> [What you are asked to do]:
There should be no pictures in your answer, only an exact copy of the lines from the one with "ONE DAY SALE Fall/Winter Sperry Boots" through the end of the material.

> [Source material]:
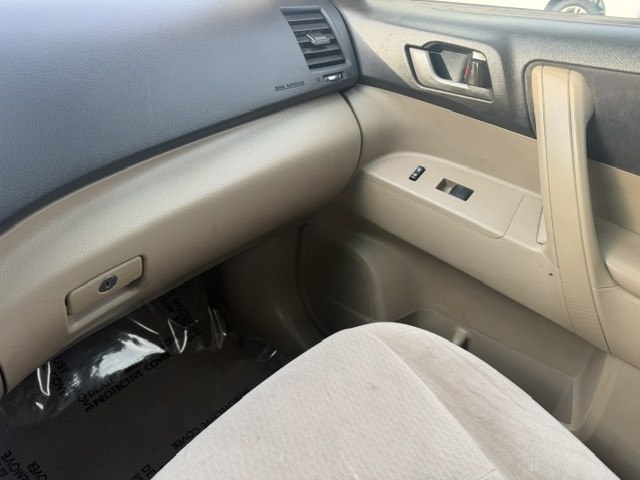 Photo 19 of this TOYOTA HIGHLANDER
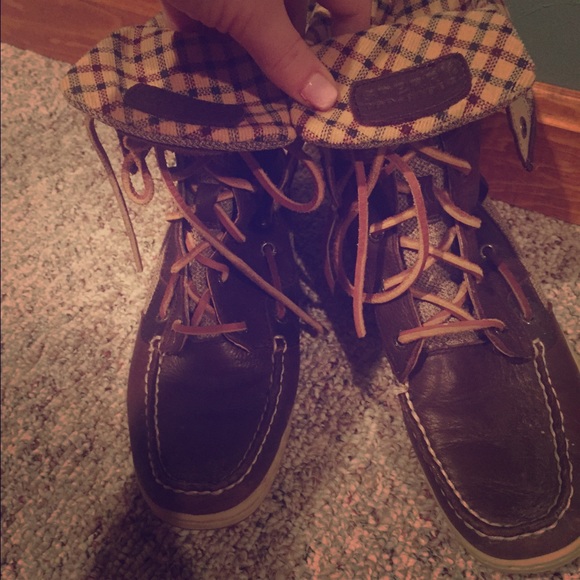 ONE DAY SALE Fall/Winter Sperry Boots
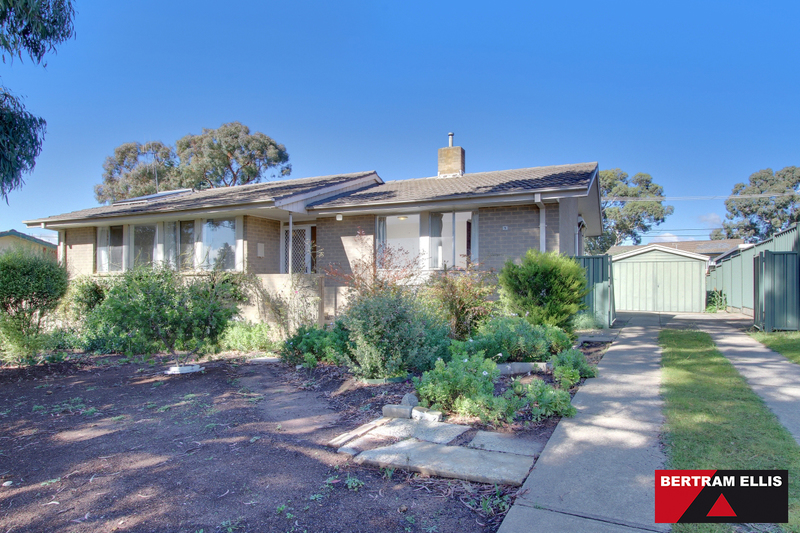 Real Estate For Sale 5 Epacris Place Rivett , ACT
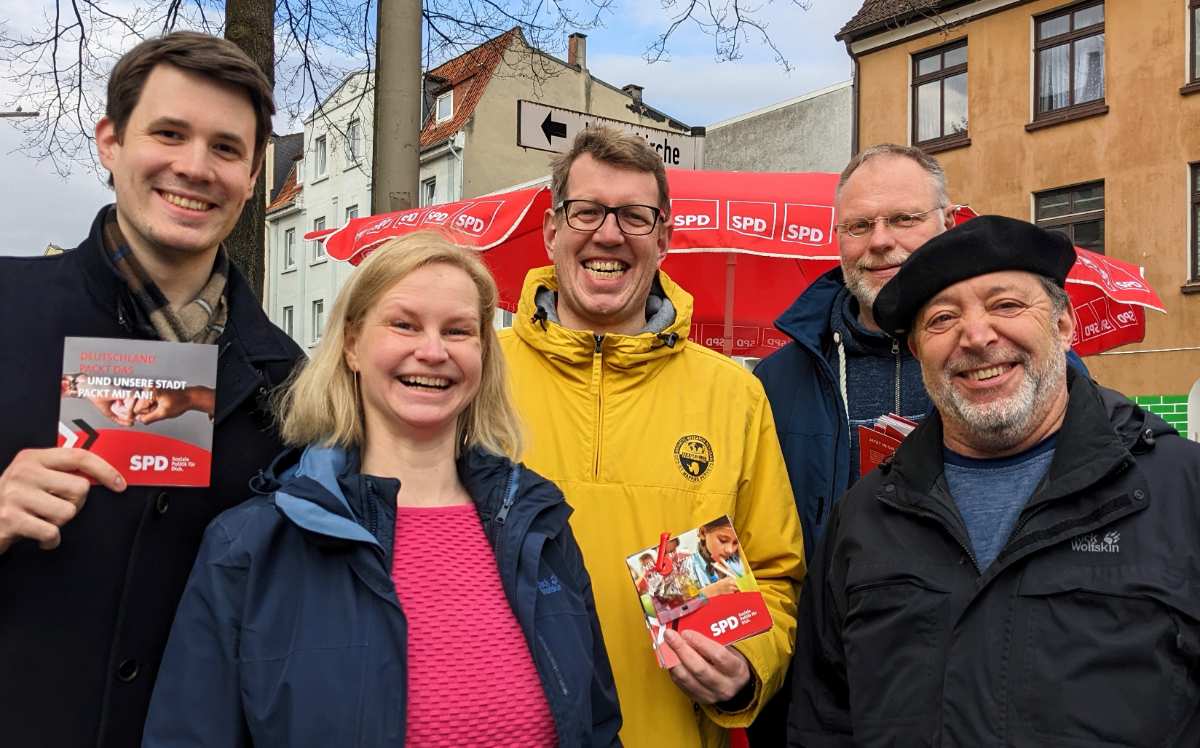 Gespräche am Infostand sind wichtiges Meinungsbarometer für Bezirksabgeordnete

> [Answer box]:
 ONE DAY SALE Fall/Winter Sperry Boots
 Real Estate For Sale 5 Epacris Place Rivett , ACT
 Gespräche am Infostand sind wichtiges Meinungsbarometer für Bezirksabgeordnete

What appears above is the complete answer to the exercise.